Task to complete — Once you find the line with "Quinoa, Kidney Bean" in the entries below, print it and each line after it up to and including the line with "Gycdwjh Scarpe da", exactly, without pictures.

---------------

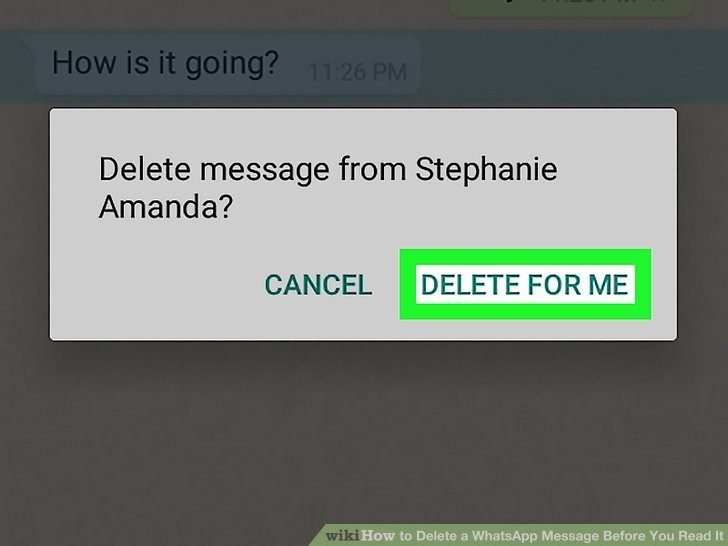 روی گزینه حذف برای من Delete for me ضربه بزنید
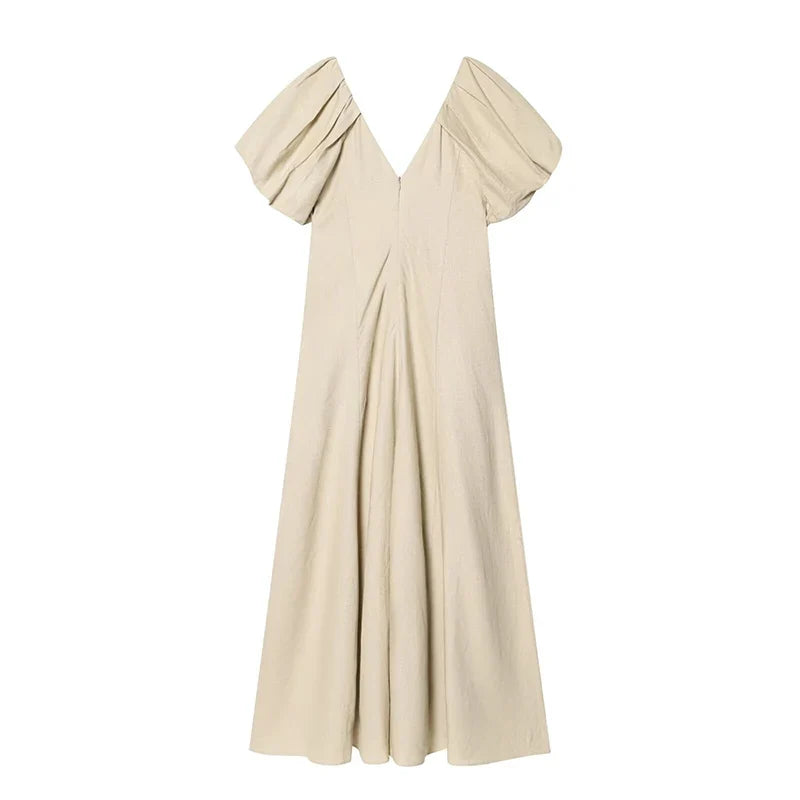Summer Solid V Neck Puff Sleeve Midi Dresses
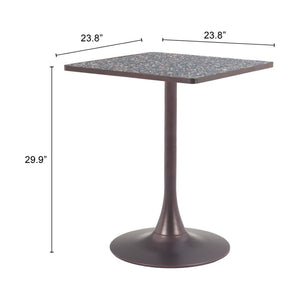 HomeRoots 24" Modern Black Steel Pedestal Base Square Dining Table - Stylish, Space-Saving Design for Any Room 572242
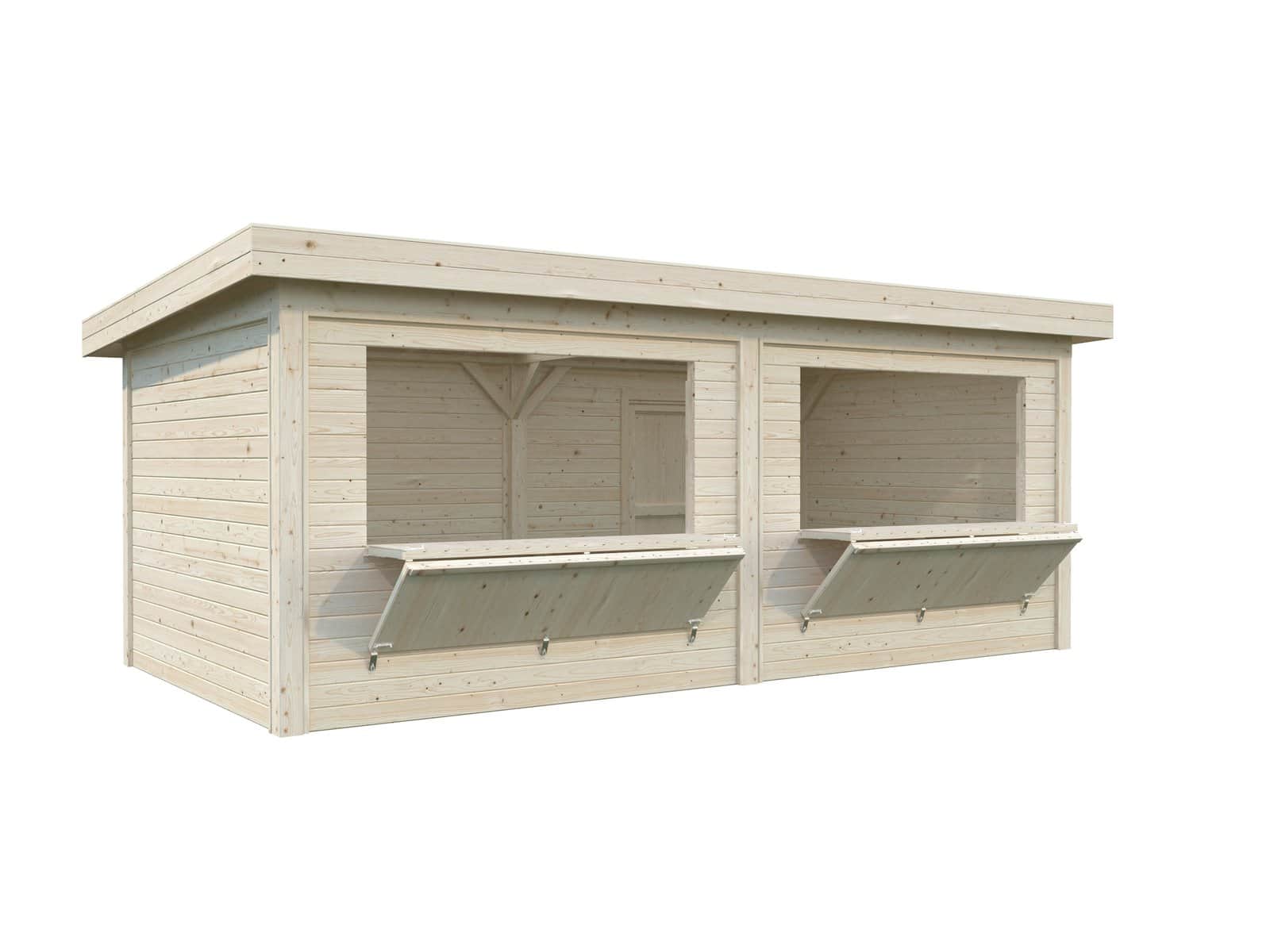 Lenna 16.6m2 Set 311 (5.88x3m) Lamekatuse ja kahe luugiga kiosk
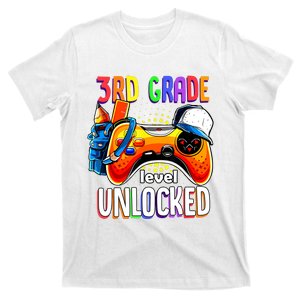 Gamer Back To School Gamepad 3rd Third Grade Level Unlocked T-Shirt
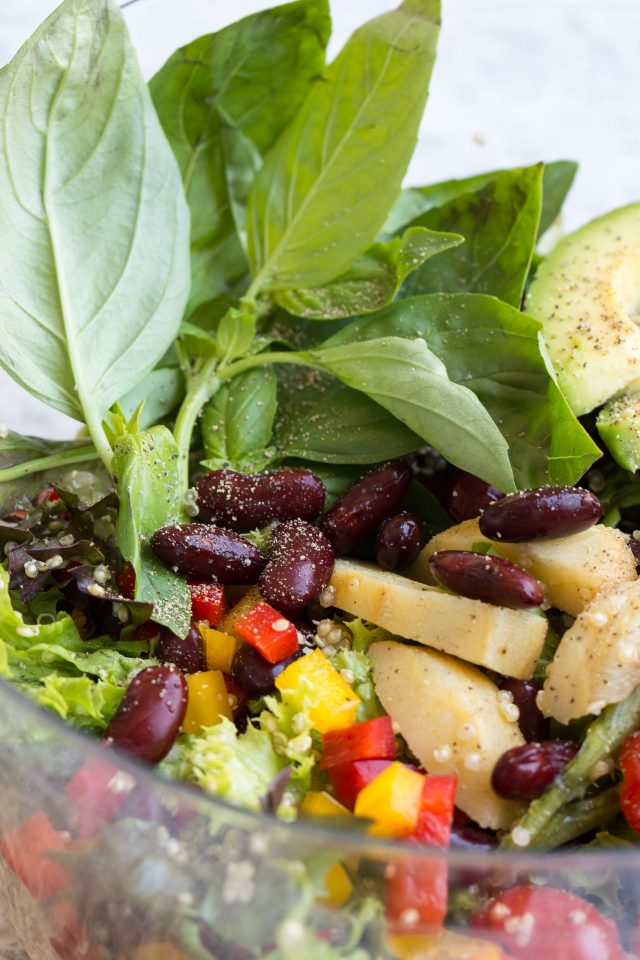 Quinoa, Kidney Bean and veggie loaded chopped salad is perfect for a quick lunch or dinner this summer!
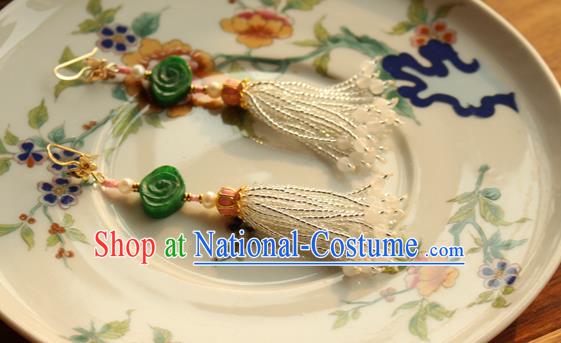 China Classical Cheongsam Jade Cloud Ear Jewelry Handmade National Pearls Tassel Earrings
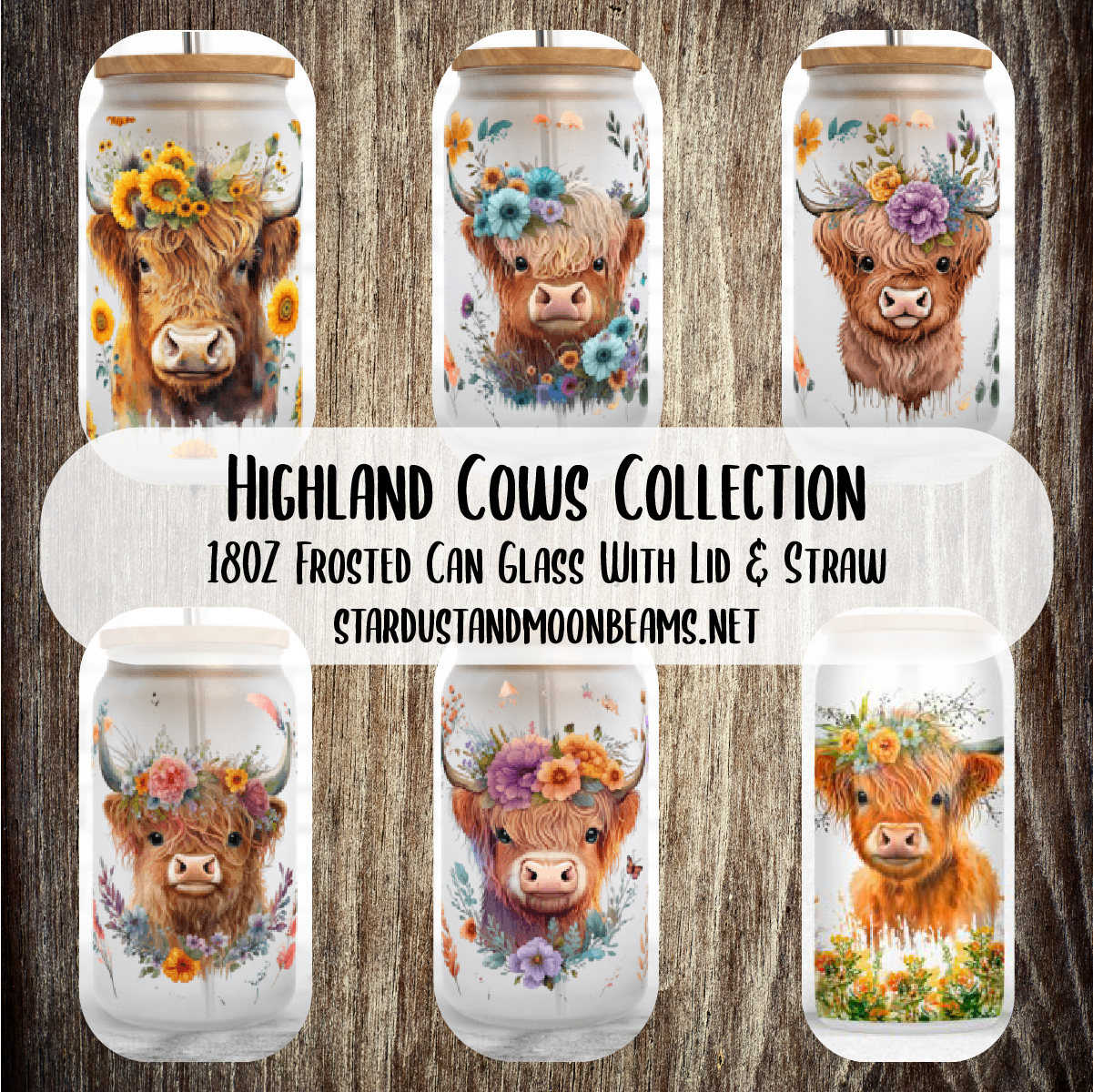 Highland Cow 18oz frosted can glass with lid and straw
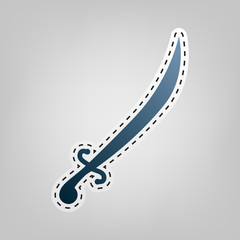Sword sign illustration. Vector. Blue icon with outline for cutting out at gray background.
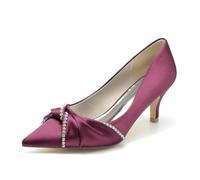 Gycdwjh Scarpe da Donna Chiuse a Punta Tacchi Alti Stiletto Classic Slip on Dress Slip On Sandali Scarpe da Lavoro da Sposa in Raso,Wine Red,37 EU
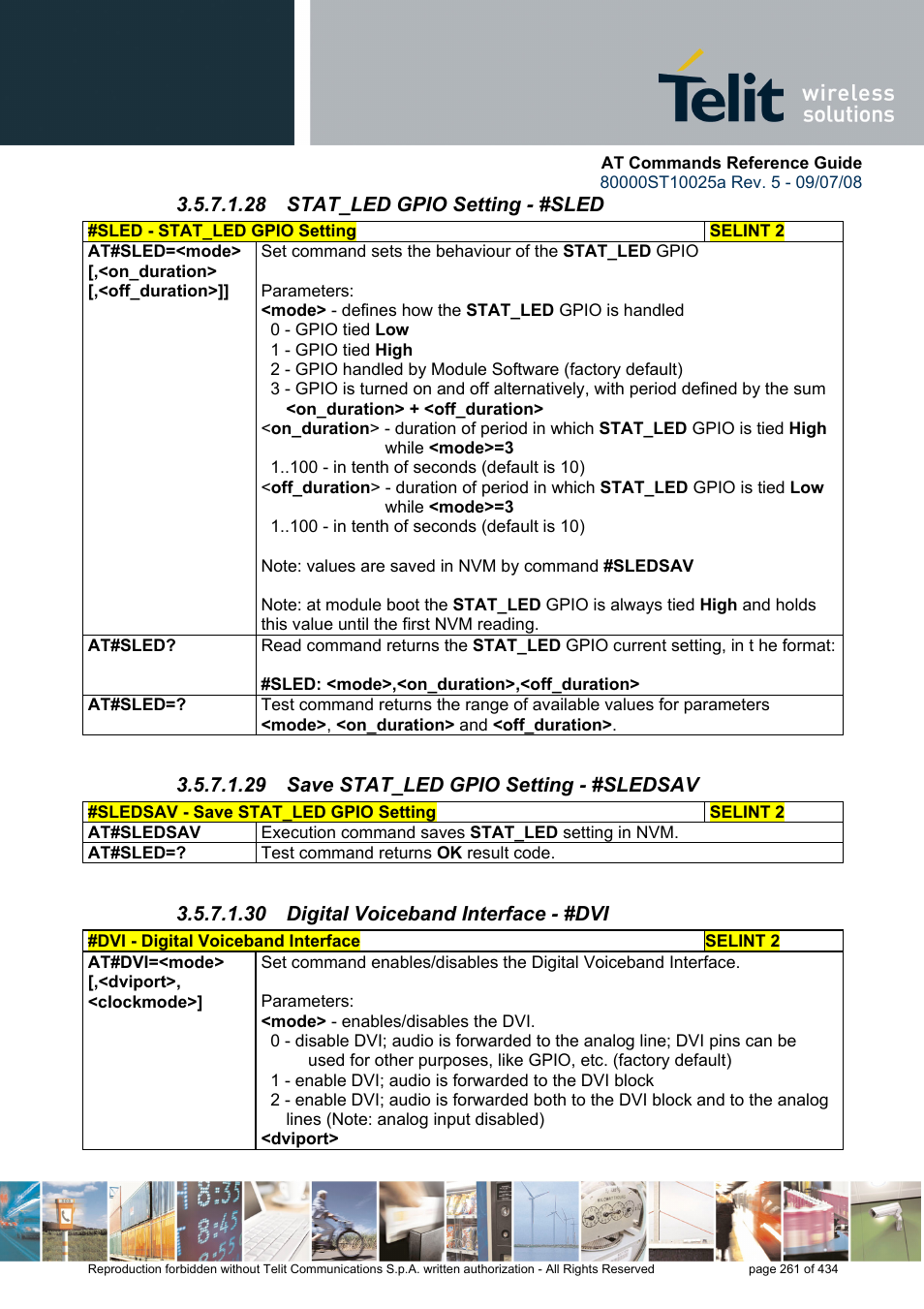 28 stat_led gpio setting - #sled, 29 save stat_led gpio setting - #sledsav, 30 digital voiceband interface - #dvi | Rainbow Electronics GM862-QUAD-PY User Manual | Page 261 / 434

---------------

Result of this exercise —
 Quinoa, Kidney Bean and veggie loaded chopped salad is perfect for a quick lunch or dinner this summer!
 China Classical Cheongsam Jade Cloud Ear Jewelry Handmade National Pearls Tassel Earrings
 Highland Cow 18oz frosted can glass with lid and straw
Sword sign illustration. Vector. Blue icon with outline for cutting out at gray background.
 Gycdwjh Scarpe da Donna Chiuse a Punta Tacchi Alti Stiletto Classic Slip on Dress Slip On Sandali Scarpe da Lavoro da Sposa in Raso,Wine Red,37 EU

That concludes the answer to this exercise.